Few people would have thought that the protests in the Middle East would have such a detrimental effect on how universities and higher education institutions in Europe think about where their next round of funding will come from.
But that is what happened earlier this year when Sir Howard Davies resigned as director of the London School of Economics amid revelations of a £1.5 million donation from the Gaddafi International Charity, as well as allegations of plagiarism by the Libyan dictator’s son, Saif Gaddafi.
So, how does a prestigious institution maintain its funding while keeping its reputation intact? There are two solutions to this dilemma. The first, a short-term fix that should be implemented immediately by those institutions who feel concerned, is to communicate more transparently to avoid finding themselves in the middle of a political scandal. The second, a long-term solution, is for institutions to find alternative sources of funding and thus avoid the need to solicit financial contributions from benefactors who can be linked, however remotely, to autocratic regimes and the like.
In the short term then, institutions should consider acting upon any apprehensions they may have about potential scandal-inducing deals and anticipate further potential embarrassment by making public all pledges for large amounts, as well as disclosing any questionable donations made in the past.
In the long term, the reliance on these kinds of gifts should make way for smaller but more frequent donations from alumni. This is the case in the US where top business schools such as Dartmouth’s Tuck School of Business report alumni giving for their MBA programmes at 67 percent, followed by Stanford at 41 percent and Yale at 46 percent.
On the other hand, at Europe’s top business schools, the figures are significantly lower. The alumni giving rate at the London School of Business for example is 14 percent, while at INSEAD and IE the figure is as low as 12 percent.

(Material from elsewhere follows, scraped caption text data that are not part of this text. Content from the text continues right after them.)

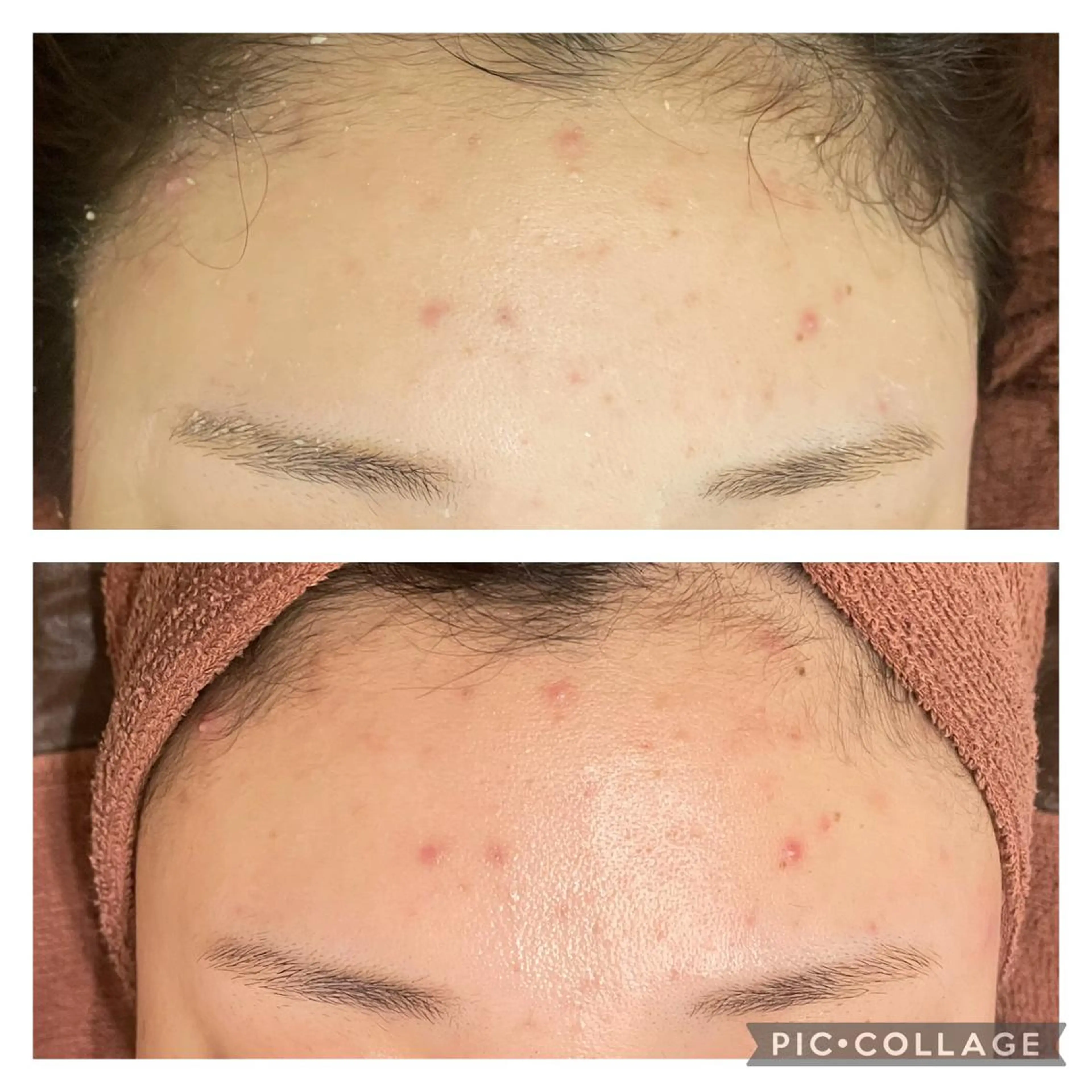 セミロング カラー パーマ ヘアアレンジ メンズ キッズ ネイル マツエク・マツパ アイブロウ エステ リラク ニキビ特化型エステ 🍓最短で肌質改善のエステ・リラクイメージ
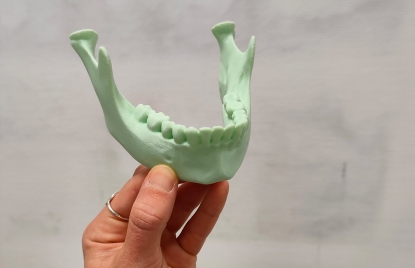 Aimplas trabaja en un servicio integral de impresión 3D flexible para procesos quirúrgicos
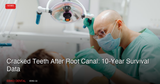 Cracked Teeth After Root Canal: 10-Year Survival Data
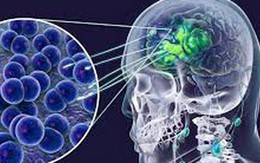 Cà Mau cập nhật thông tin vụ 2 ca não mô cầu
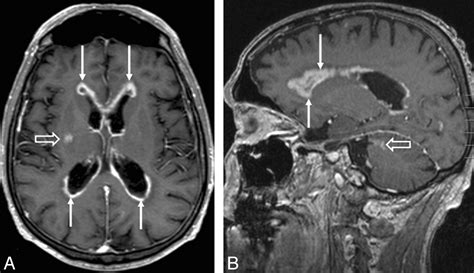 Central Nervous System Lymphoma Characteristic Findings On Traditional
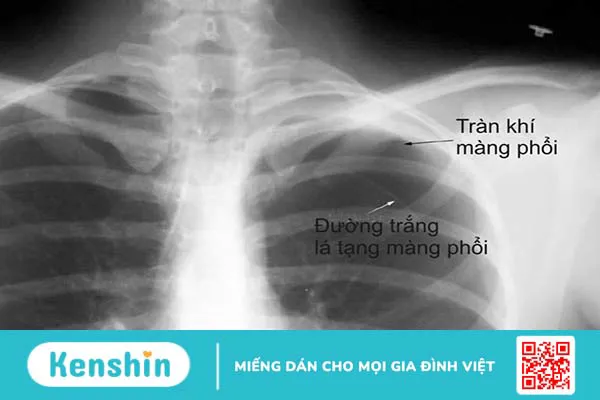 Phương pháp phẫu thuật điều trị tĩnh mạch phổi đổ lệch chỗ bán phần 4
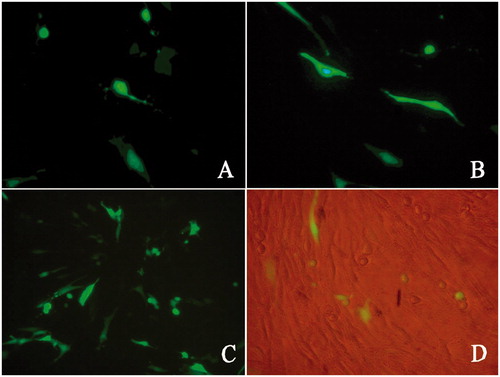 Figure 3. Fluorescence photomicrographs of green fluorescent protein expression of c-Myc-siRNA3-pDNAs after 24 h transfection: (A) c-Myc-siRNA1-pDNAs, (B) c-Myc-siRNA2-pDNAs, (C) c-Myc-siRNA3-pDNAs, and (D) c-Myc-siRNA3-pDNAs (detected with fluorescent and white light overlap).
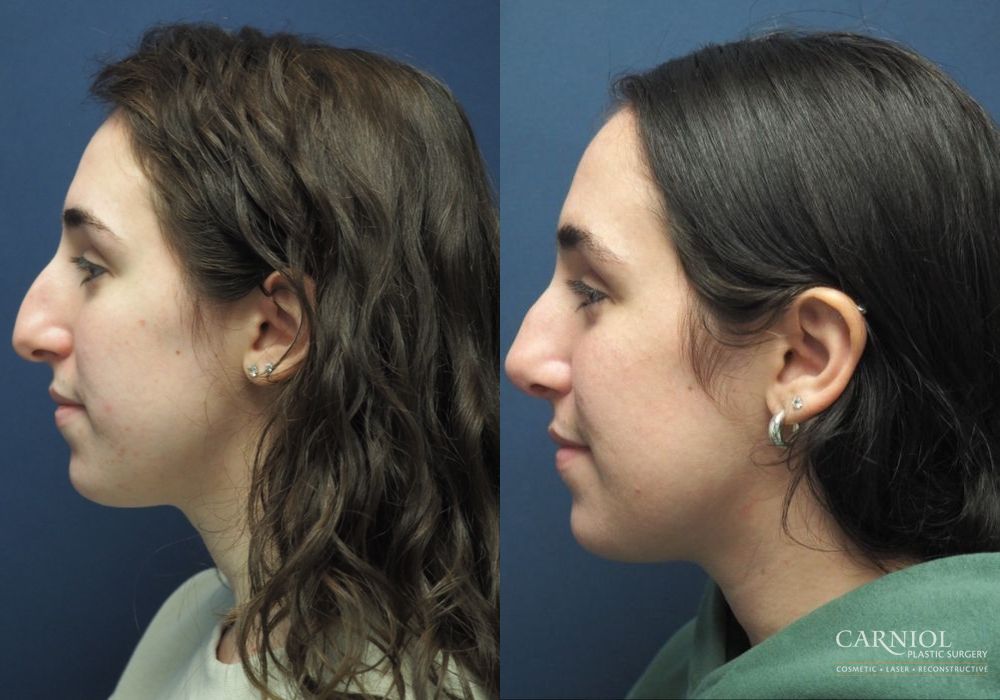 Rhinoplasty - Thumbnail 3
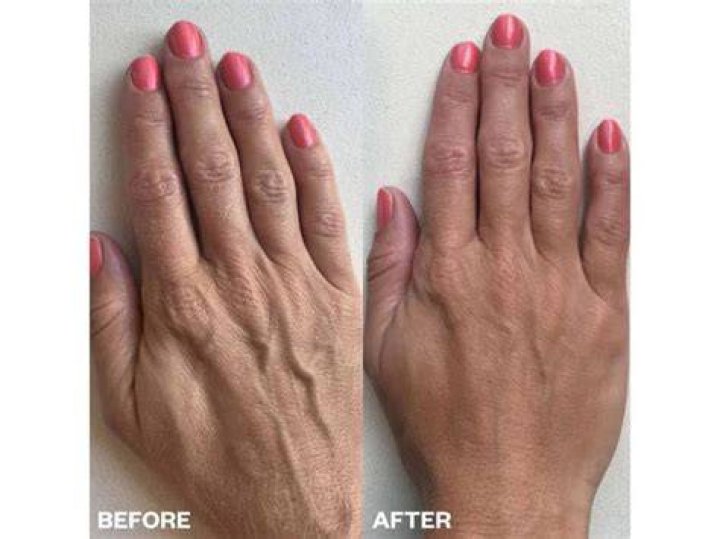Wrinkles Schminkles Hand Wrinkles Smoothing Kit, $30, Neiman Marcus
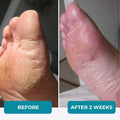 Flawless Feet Routine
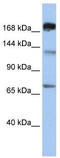5-Methyltetrahydrofolate-Homocysteine Methyltransferase antibody, TA346670, Origene, Western Blot image 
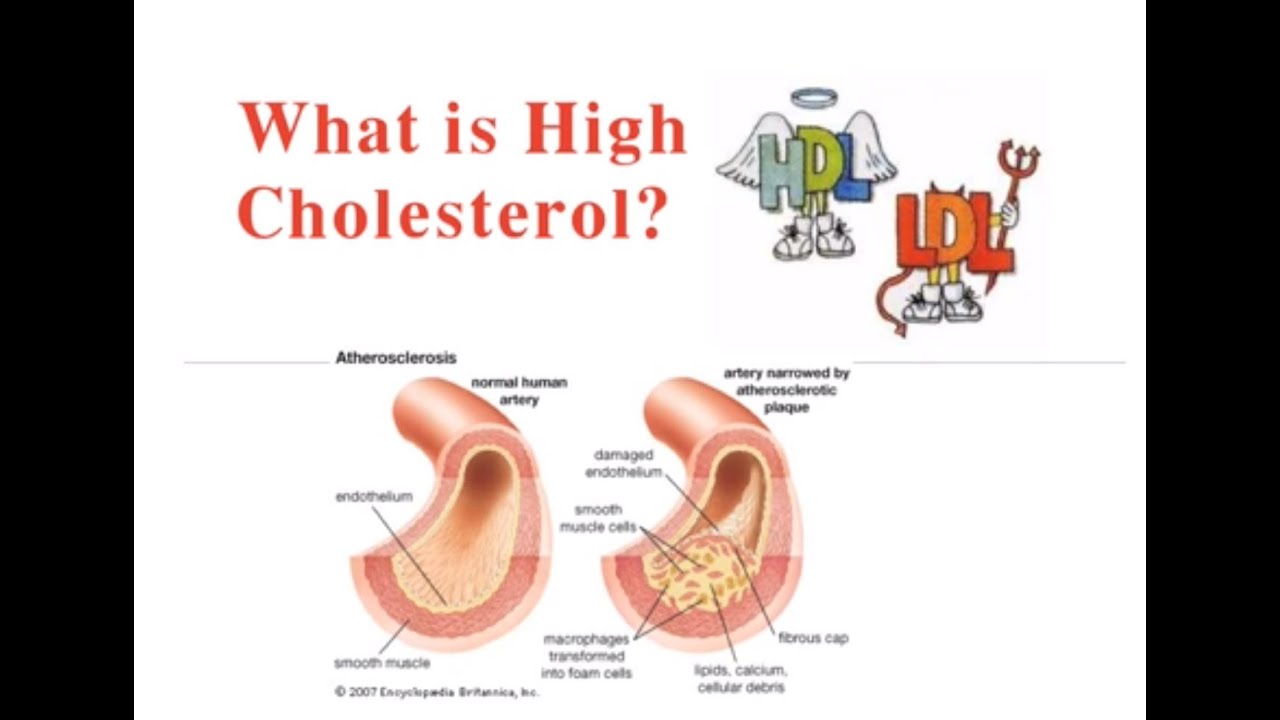 How To Affect Your Cholesterol With Weight Loss YouTube how-to-affect-your-cholesterol-with-weight-loss-youtube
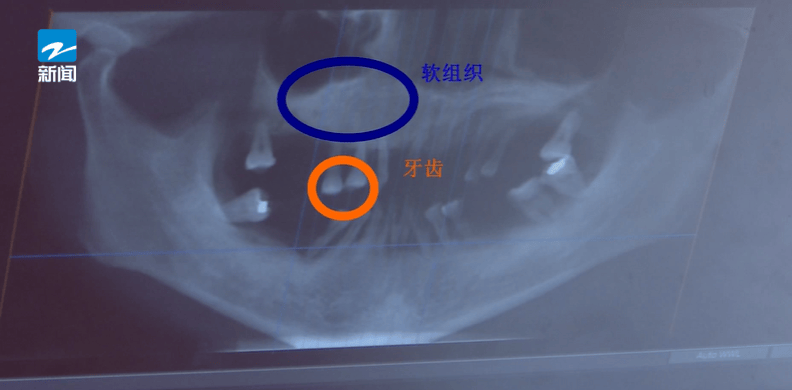 皇冠体育App下载_44岁女子牙齿掉光皇冠体育App下载！只因这个很多人都忽视的“小问题”……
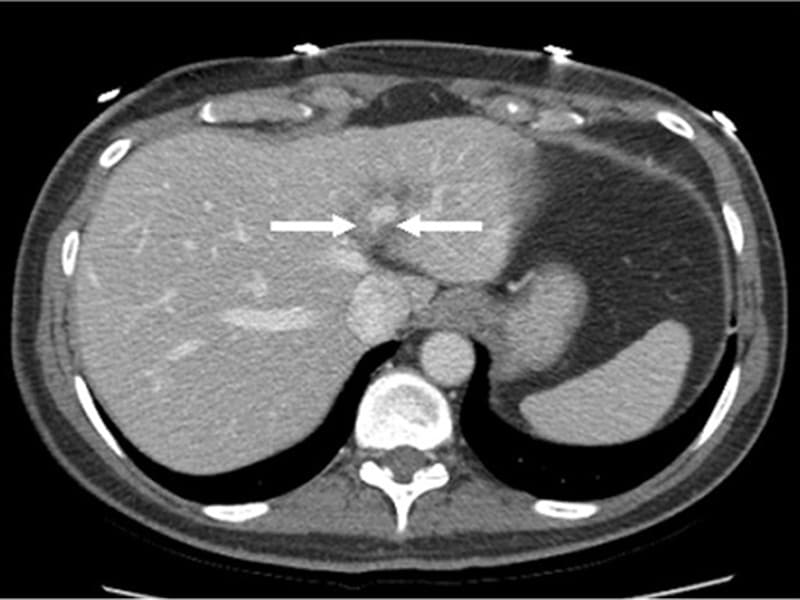 cancer-metastasis-causes-symptoms-and-metastasis-survival-rate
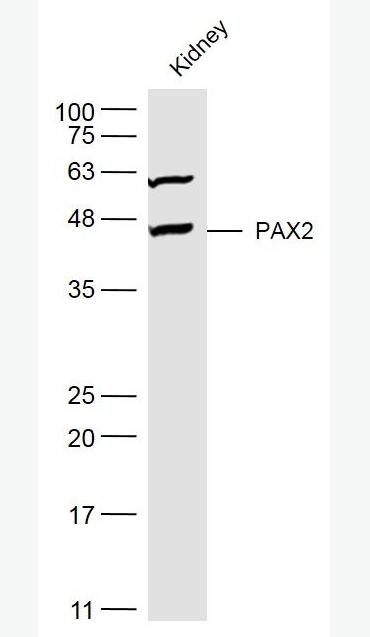 Anti-PAX2 antibody-配对盒基因2抗体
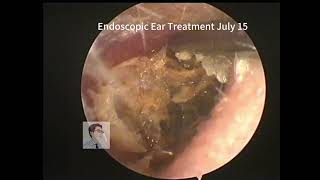 Completely blocked ear cleaning 20230715 [upl. by Lleksah]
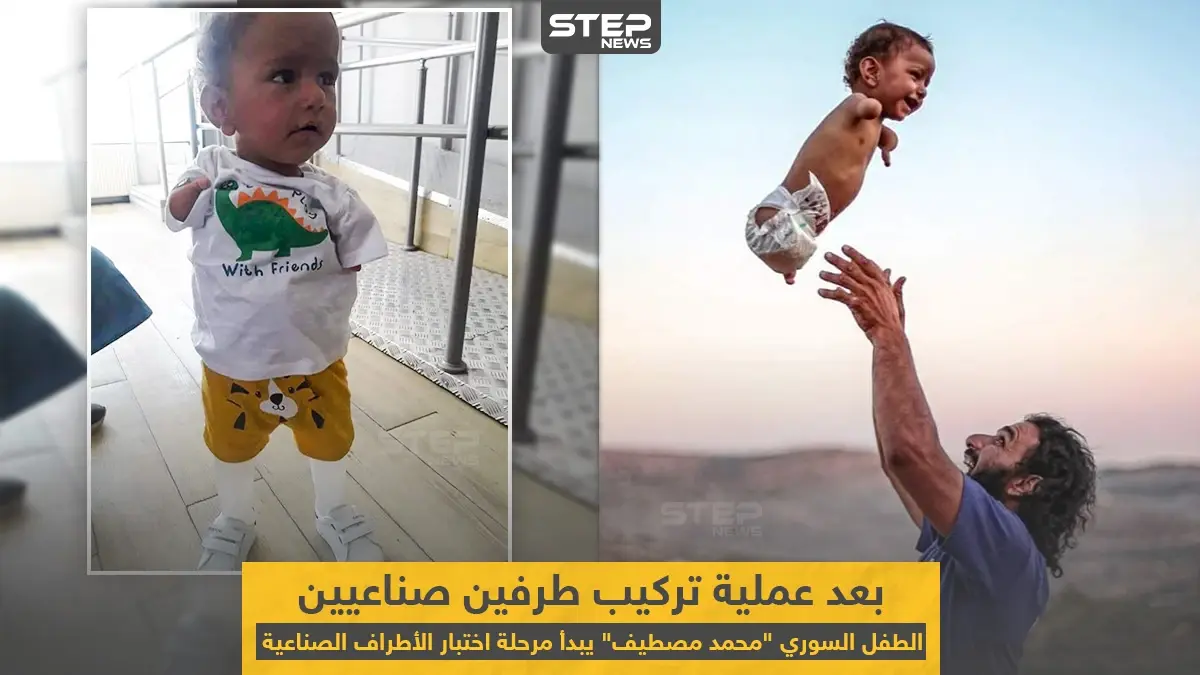 الطفل السوري "محمد مصطيف" بعد عملية تركيب طرفين صناعيين له: مرحلة اختبار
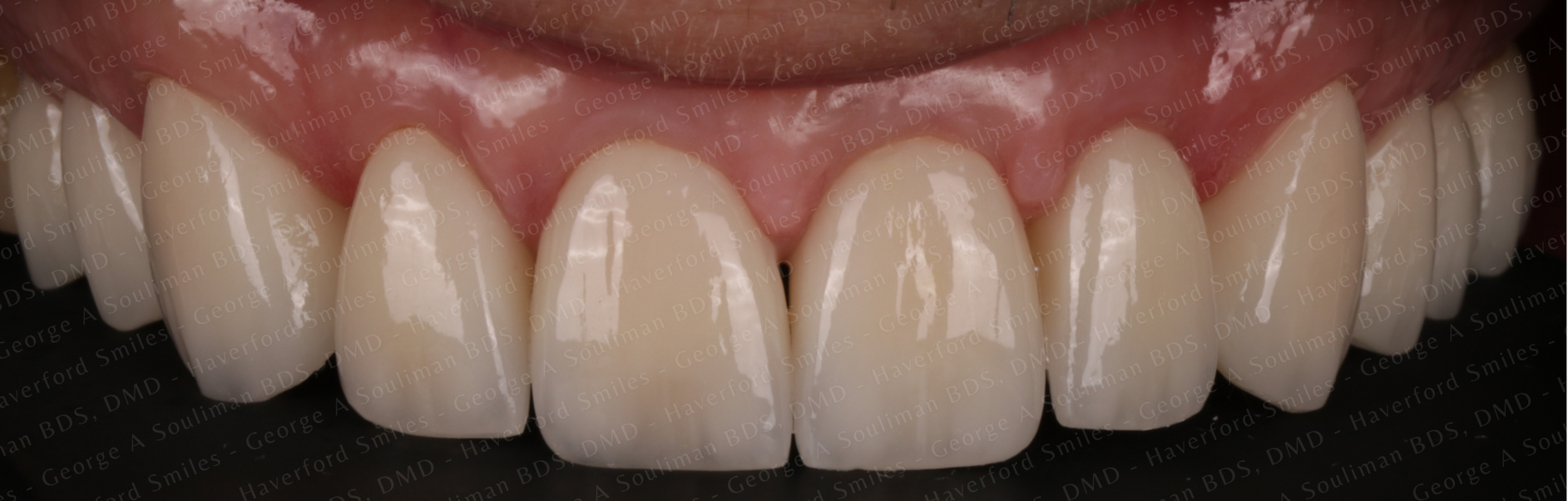 Maxillary arch rehab Upper Ceramic Crowns after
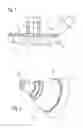 Fig. 02 - Method for manufacturing a rotationally symmetrical shaped article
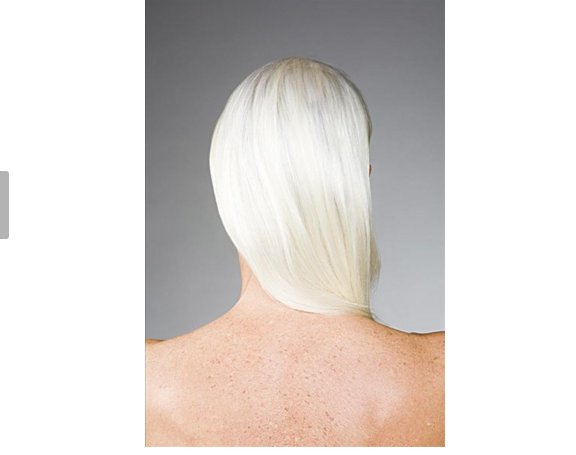 怎样预防控制白发增多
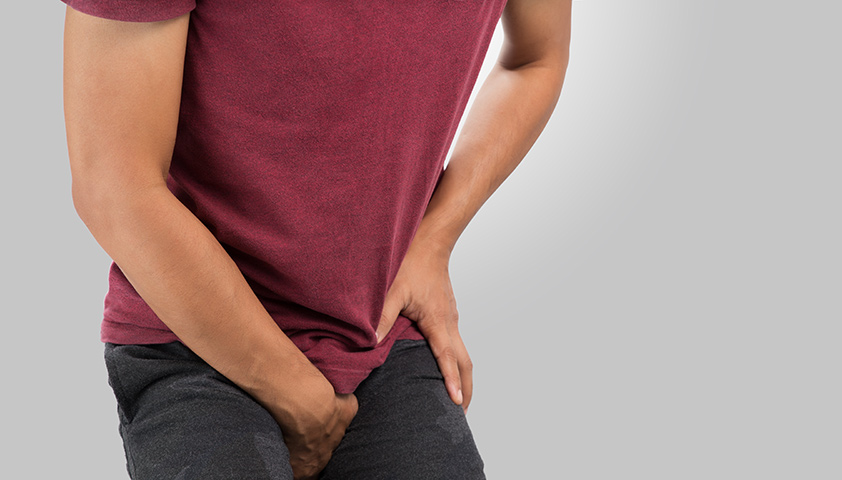 Варикоцеле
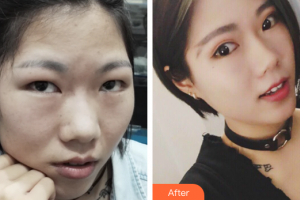 廣州尚美善造美容醫(yī)院邱健整形價(jià)格表附切開雙眼皮案例展示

Last week it was revealed that the French bank Societe General had received and managed $1.8bn of Libyan Investment Authority money. Since then, there have been international calls for banks to be forced to make public disclosures of assets they hold on behalf of states. The same should be applied to higher education institutions; transparency in funding would ensure that no ill-gotten money is received and at the same time force institutions to kick-start a new dynamic of alumni giving, that in Europe, could eventually equal that of the United States’.